- **What you should do**:
Leave out the pictures and output exactly the lines below from the one with "Silhouettes of two" down to the one with "Dark Lolita Lace", both of them included.

- **Source material**:
○ ○ ○ ○
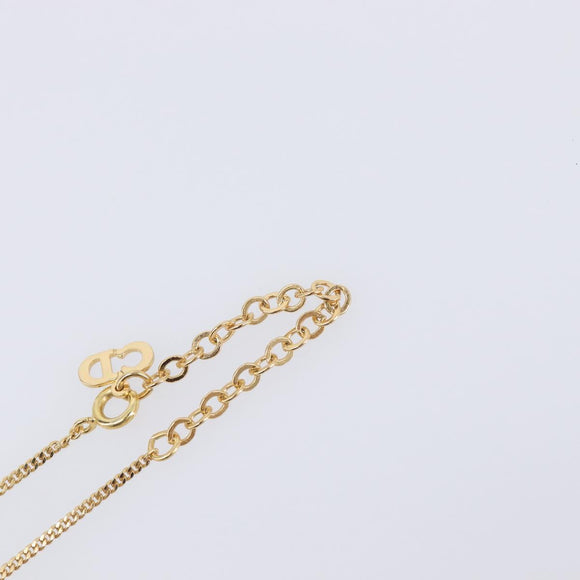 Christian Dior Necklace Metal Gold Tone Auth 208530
○ ○ ○ ○
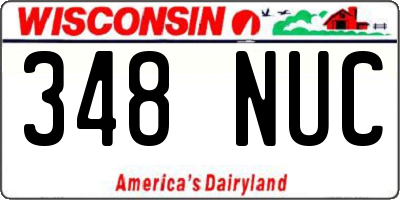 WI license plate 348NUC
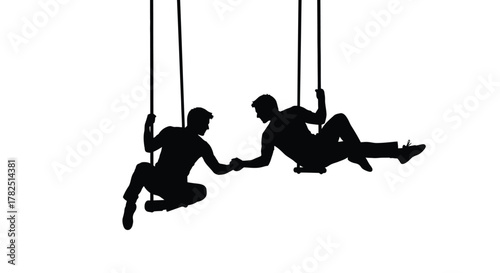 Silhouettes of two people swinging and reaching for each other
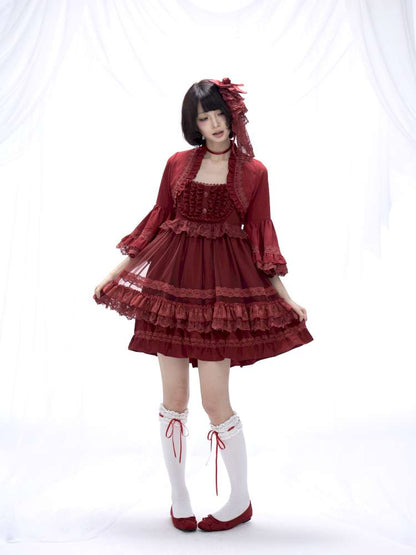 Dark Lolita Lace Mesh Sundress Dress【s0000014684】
○ ○ ○ ○
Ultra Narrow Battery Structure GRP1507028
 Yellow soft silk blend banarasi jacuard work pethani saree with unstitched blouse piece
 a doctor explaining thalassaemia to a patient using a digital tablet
○ ○ ○ ○
- **Solved problem**:
 Silhouettes of two people swinging and reaching for each other
 Dark Lolita Lace Mesh Sundress Dress【s0000014684】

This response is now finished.